Task prompt
While leaving the pictures out, set down only the lines from the one with "1.00CT-DIA HEART EARRING" through the end of the records, exactly as they stand.
*** Recorded data Section Begins ***
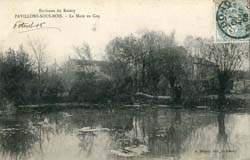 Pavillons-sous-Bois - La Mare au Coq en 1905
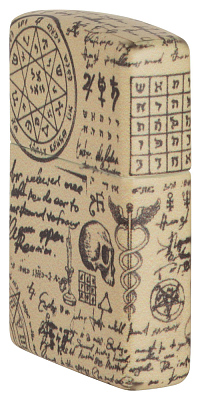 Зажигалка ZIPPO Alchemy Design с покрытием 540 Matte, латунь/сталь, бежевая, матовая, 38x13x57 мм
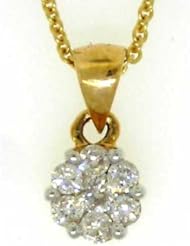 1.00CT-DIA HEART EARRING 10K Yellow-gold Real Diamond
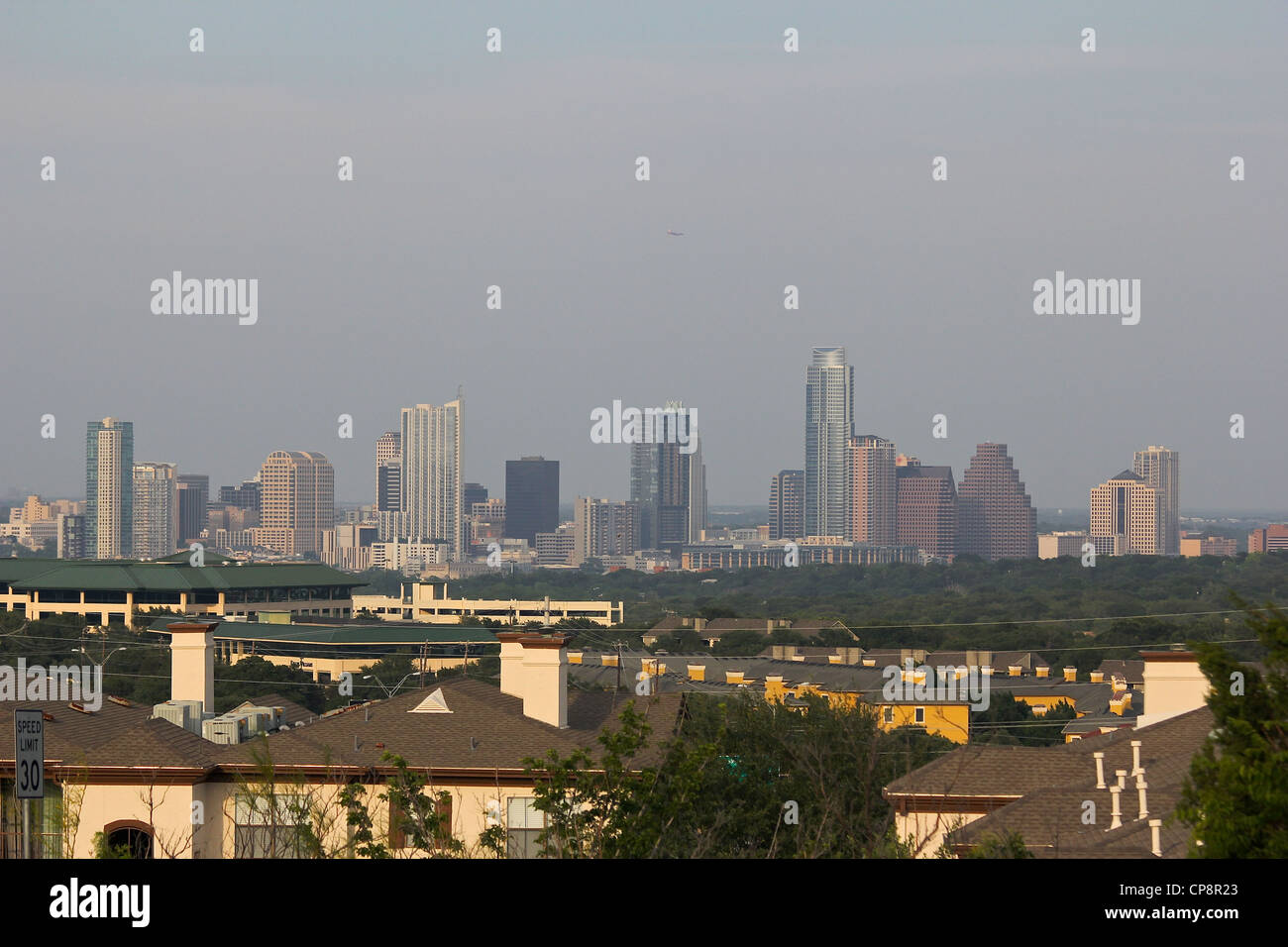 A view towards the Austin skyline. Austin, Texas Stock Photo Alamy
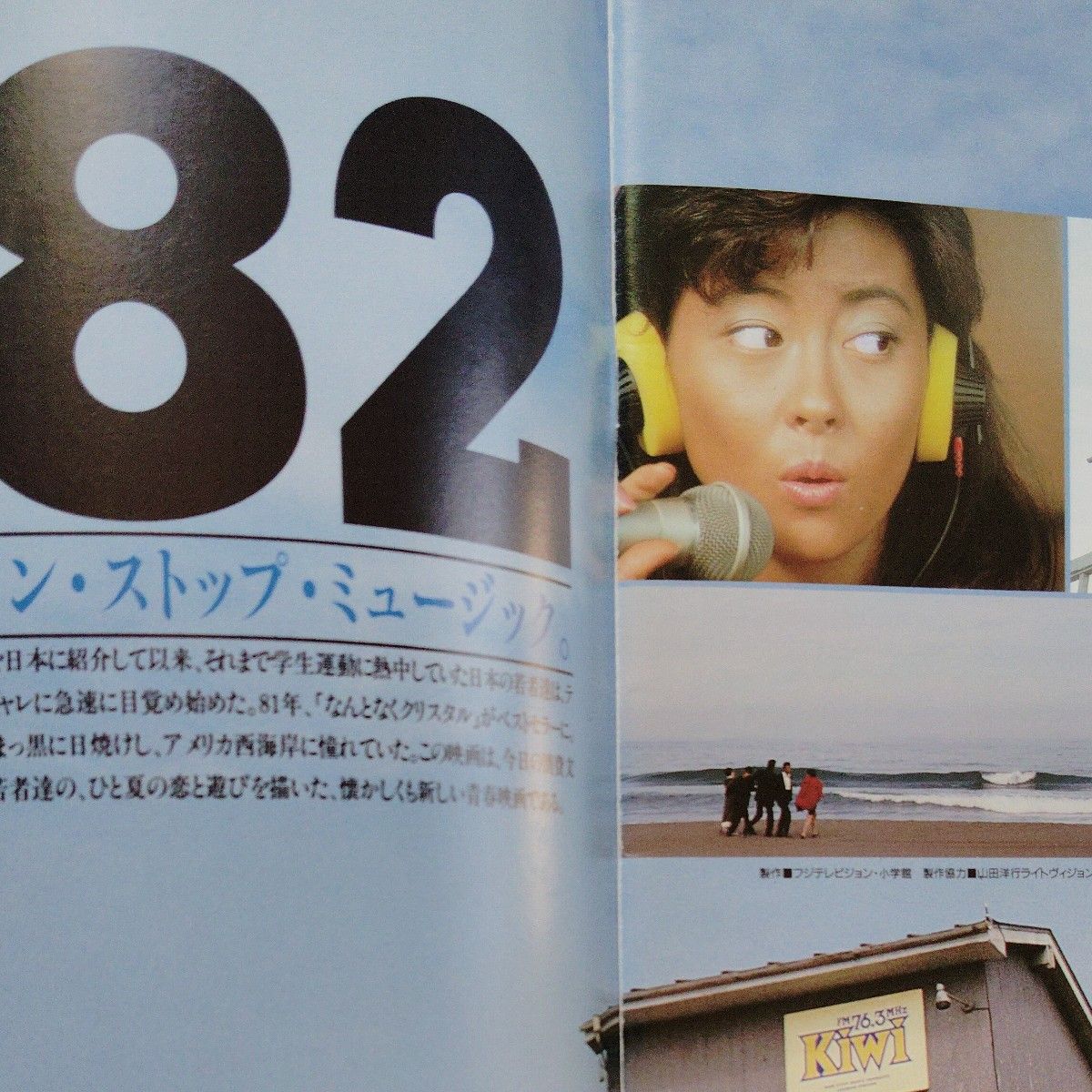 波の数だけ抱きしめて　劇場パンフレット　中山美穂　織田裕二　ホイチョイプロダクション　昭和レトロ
*** Recorded data Section Ends ***
Result of the task
 1.00CT-DIA HEART EARRING 10K Yellow-gold Real Diamond
 A view towards the Austin skyline. Austin, Texas Stock Photo Alamy
 波の数だけ抱きしめて　劇場パンフレット　中山美穂　織田裕二　ホイチョイプロダクション　昭和レトロ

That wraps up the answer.